Facebook (NASDAQ:FB) has slumped 25% since its IPO (though it has recovered from its lows), as the highly anticipated offering drew media attention and interest from retail investors but little acceptance from Street investors. While Facebook, unlike many of the dot-coms of the late 90s, does generate profits (and, for that matter, revenue), even after its decline in share price the market capitalization is over $60 billion- 70 times trailing earnings and 15 times trailing revenue. Again, Facebook’ s fundamentals easily put its valuation in the billions, but these multiples may be too high. With an earnings release looming, and investors pulling back about 10% so far this month, it may be wise to examine the social network’s growth potential and whether or not it can deliver the value its stock price promises.

Barry Rosenstein JANA PARTNERS

The company has not been public long enough to gauge hedge fund activity, and 13F documents filed with the SEC do not disclose any short positions in any case. However, some fund managers have tipped their hand publicly in regards to their stance on the company. JANA Partners issued a letter to it investors describing its Q2 performance and declared that it was short, among other companies, “a social networking company with decelerating growth and difficulties monetizing traffic.” This is likely a reference to Facebook’s slower growing user base (read what JANA Partners last reported owning).
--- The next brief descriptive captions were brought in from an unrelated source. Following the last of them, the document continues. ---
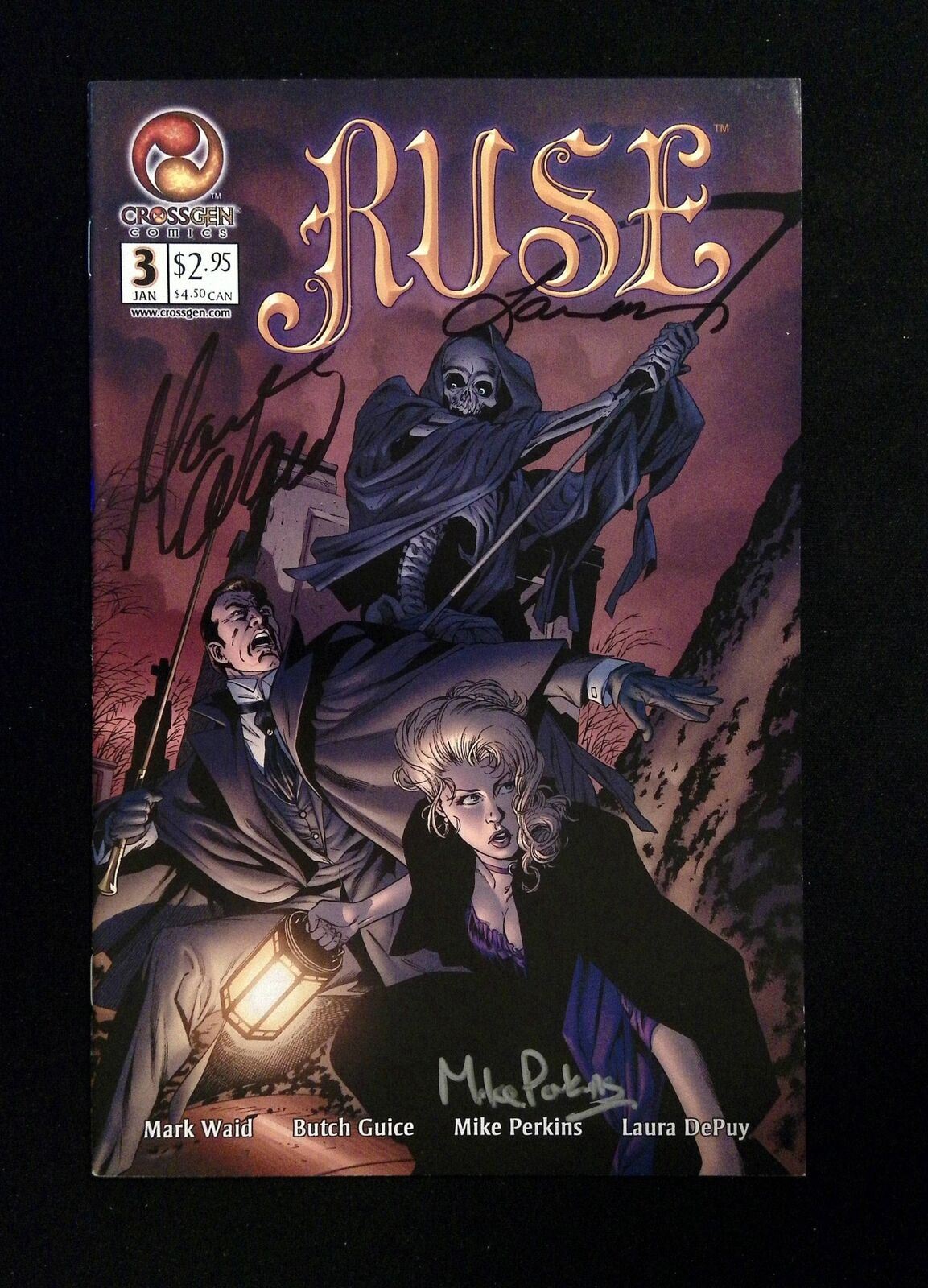 Ruse #3 CrossGen Comics 2002 VF+ SIGNED WAID, PERKINS, DEPUY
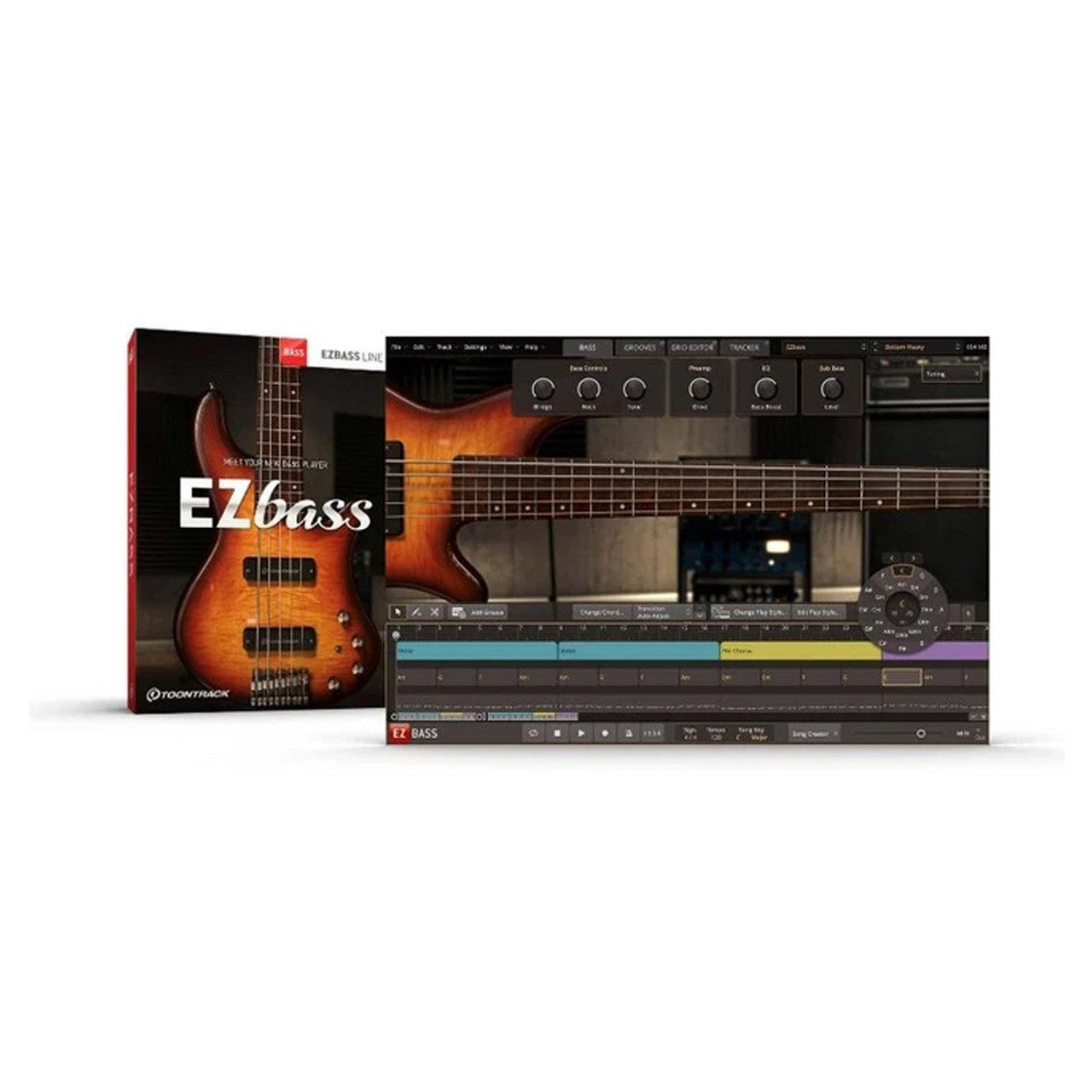 Toontrack ezbass virtual bass shop guitar software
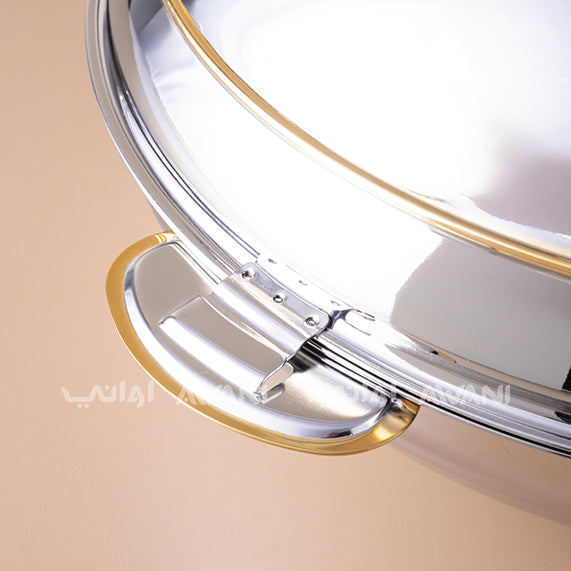 12500 ML - Round Deluxe Insulated Stainless Steel Hot Pot – Premium Thermal Casserole Dish with Lid | Long-Lasting Heat Retention | Elegant Food Warmer & Server for Home & Events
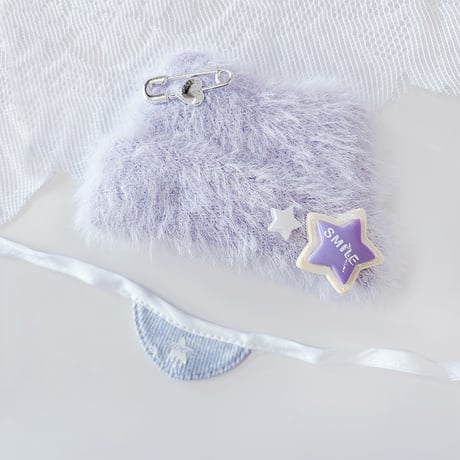 ぬい服　ぬいぐるみ用猫耳ニット帽&スタイセット【10cm用】【推し活グッズ】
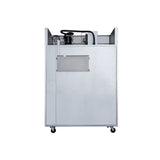Dukers D55AR 55 1/8" Two Section Reach-In Refrigerator with Solid Full Doors, Top Mount, Stainless Steel, 42.3 Cu.Ft.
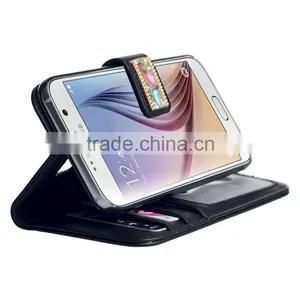 Mobile Phone PU Leather Wallet Case for Samsung Galaxy S6 thumbnail-3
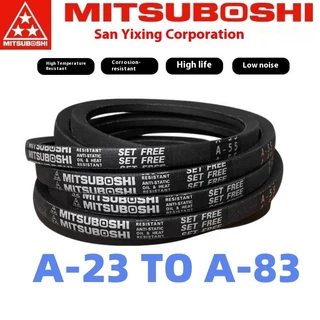 สายพานสามเหลี่ยม MITSUBOSHI (A18-A83) A-18/A-19/A-20/A-21/A-22/A-23/A-24/A-25/A-26/A-27/A-28/A-29/A-23/A-33/A-32/A-33/A-32/A-31/A-32/A-34/A-33/A-33/A เข็มขัด FAN BELTTOR RADA INDUSTRAIAL BELT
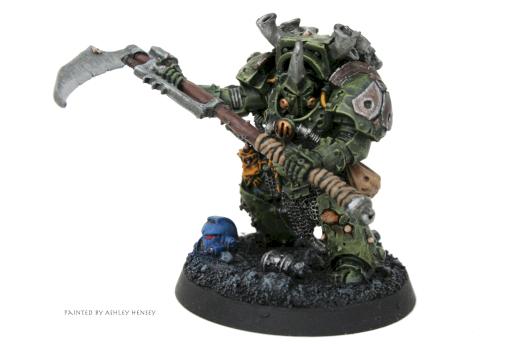 Chaos Space Marine Typhus by ashley hensey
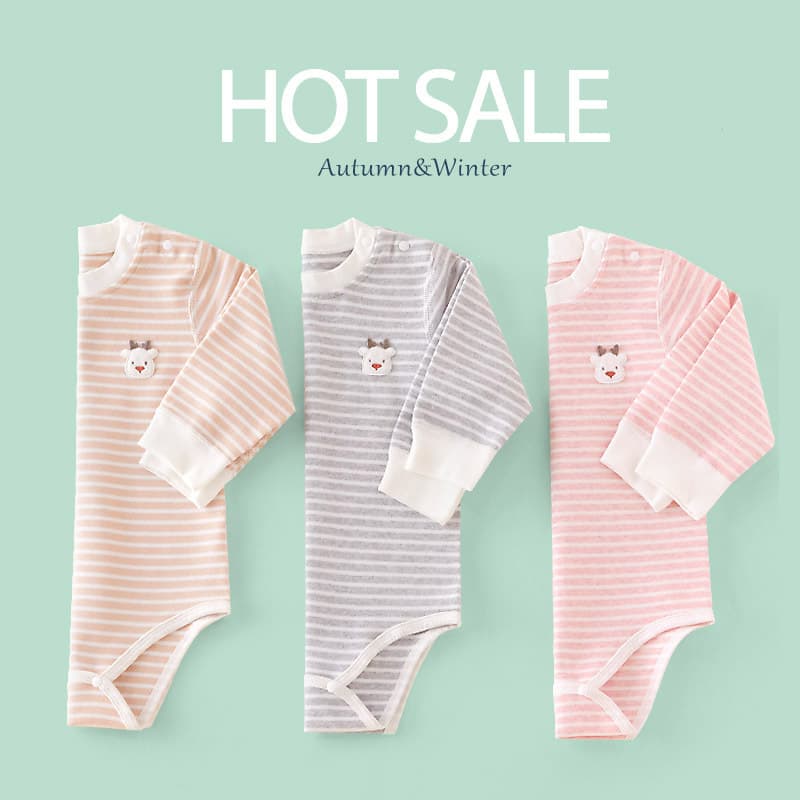 Custom Newborn Baby Clothes Autumn Winter Infant Bodysuit Onesie for Boys and Girls, Seamless Bodysuit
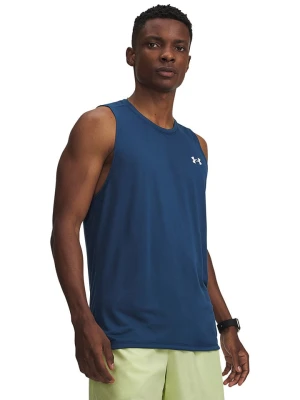 Under Armour Top sportowy w kolorze granatowym rozmiar: S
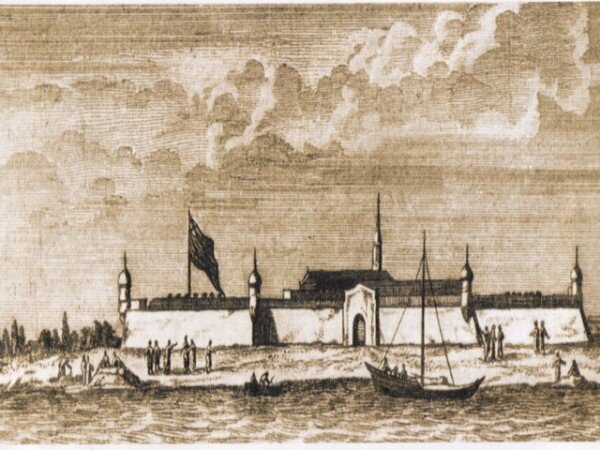 Гравюра с изображением Новодвинской крепости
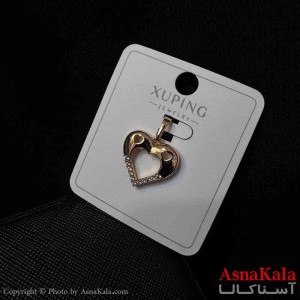 آویز ژوپینگ مینیمال دخترانه مدل قلب توخالی رنگ طلایی کد GNB161706W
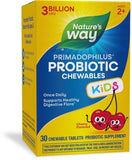 Nature's Way Primadophilus para niños, frasco, apoyo a la flora digestiva saludable.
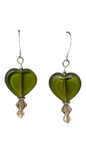 Beaded Earrings - Crystal Heart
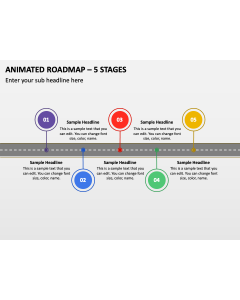 Animated Roadmap - 5 Stages PPT Thumbnail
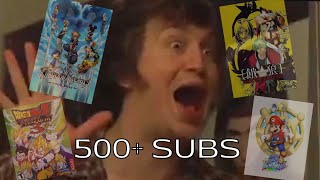 Update Day 500 Subs [upl. by Nylahs954]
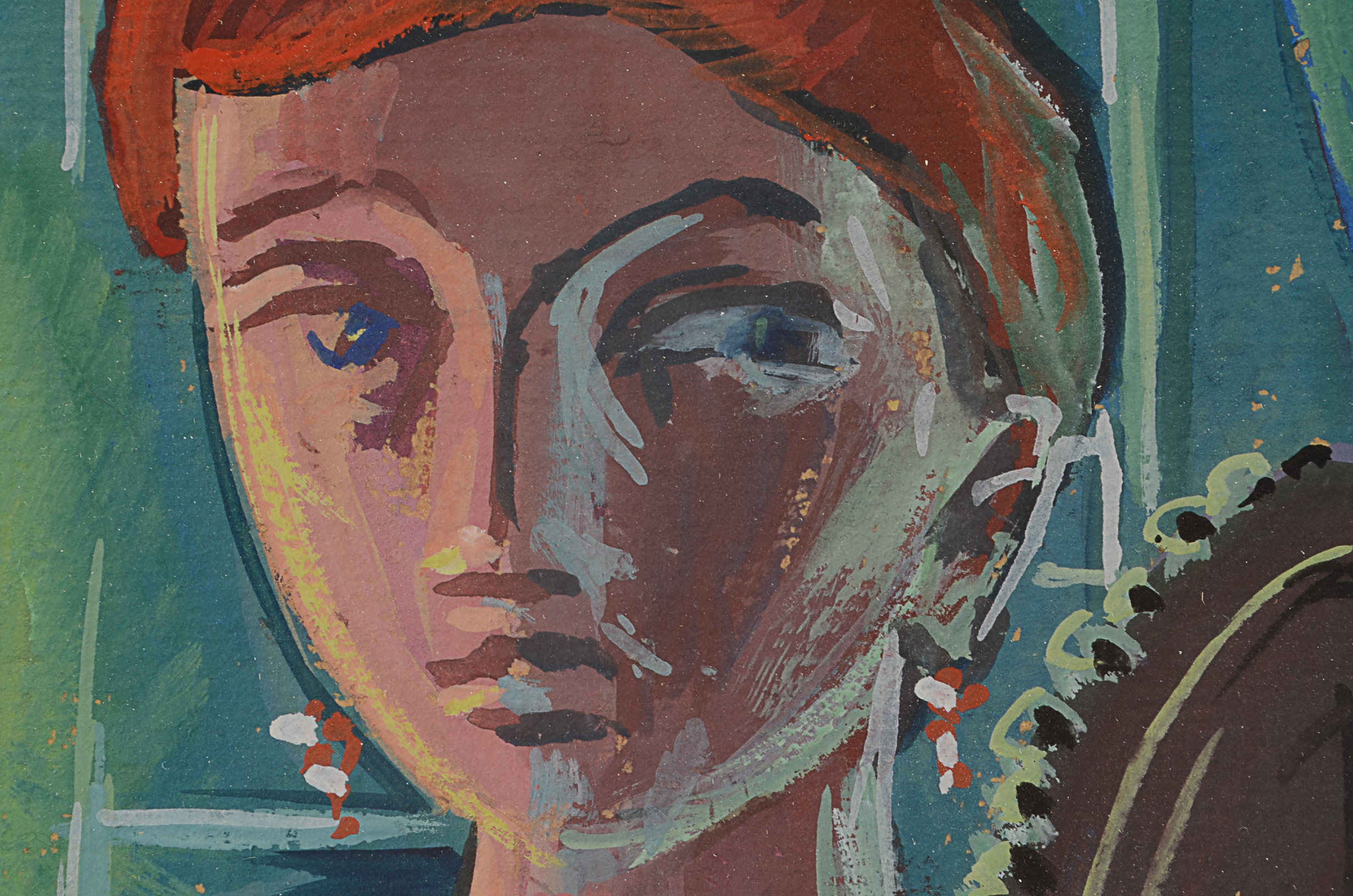 Original "JEPA" Gouache On Board Painting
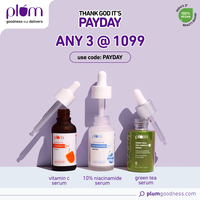 Plum Goodness Payday - Buy 3 at ₹1099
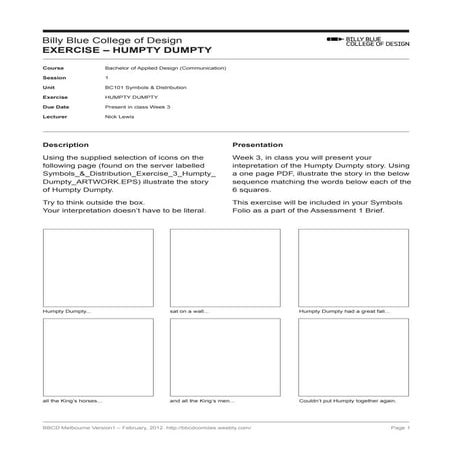 exercise Communication Design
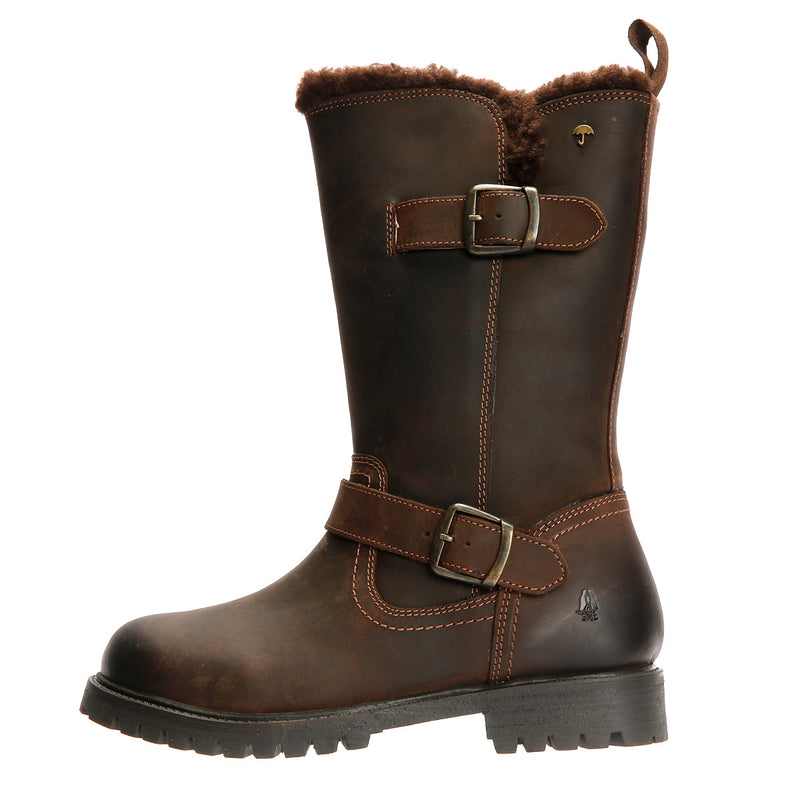 Hush Puppies Winnie Leather Women's Brown Boots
Facebook’s peers have had a variety of reactions to the IPO and its aftermath. Zynga (NASDAQ:ZNGA), which makes online social games for Facebook (the source of about 90% of Zynga’s revenue) and some mobile platforms, IPO’d in December at a value of $10 per share. After peaking above $14 in early March the stock price has steadily fallen and currently sits at around $5 amid worries that revenue is flattening even as the company invests heavily in R&D for what are being increasingly seen as fad-driven games. Google (NASDAQ:GOOG) has started its own social networking site, Google Plus, in an attempt to compete with Facebook and of course the company earns much of its revenue from the same targeted ad model that Facebook does. Google’s long-running search business is a more stable, reliable money maker than either Facebook or Zynga has but its stock has also slumped this year, down close to 10% year to date. It has therefore lost about as much market capitalization this year- about $20 billion- as Facebook has since its IPO.

Yet Facebook’s closest peer, social/career networking site LinkedIn (NYSE:LNKD), continues to soar: its stock price is up 60% so far in 2012. By some metrics LinkedIn is even more overvalued than Facebook, at 700 times trailing earnings and 17 times trailing revenue. LNKD has lower margins due to considerable operating expenses- its trailing net profit margin is 2.4% versus Facebook’s 24%- and in recent quarters these operating expenses have grown as rapidly as revenue. The two social networks’ 5-year PEG ratios, which put their stock prices in the context of projected growth over a longer period of time, are both between 2 and 2.3.

Facebook is expected to announce quarterly earnings of 12 cents per share and revenue of $1.15 billion on Thursday, July 26th. We think investors should be out of the stock and possibly short if they have the patience to maintain their position for the medium term; the stock’s valuation still looks too high.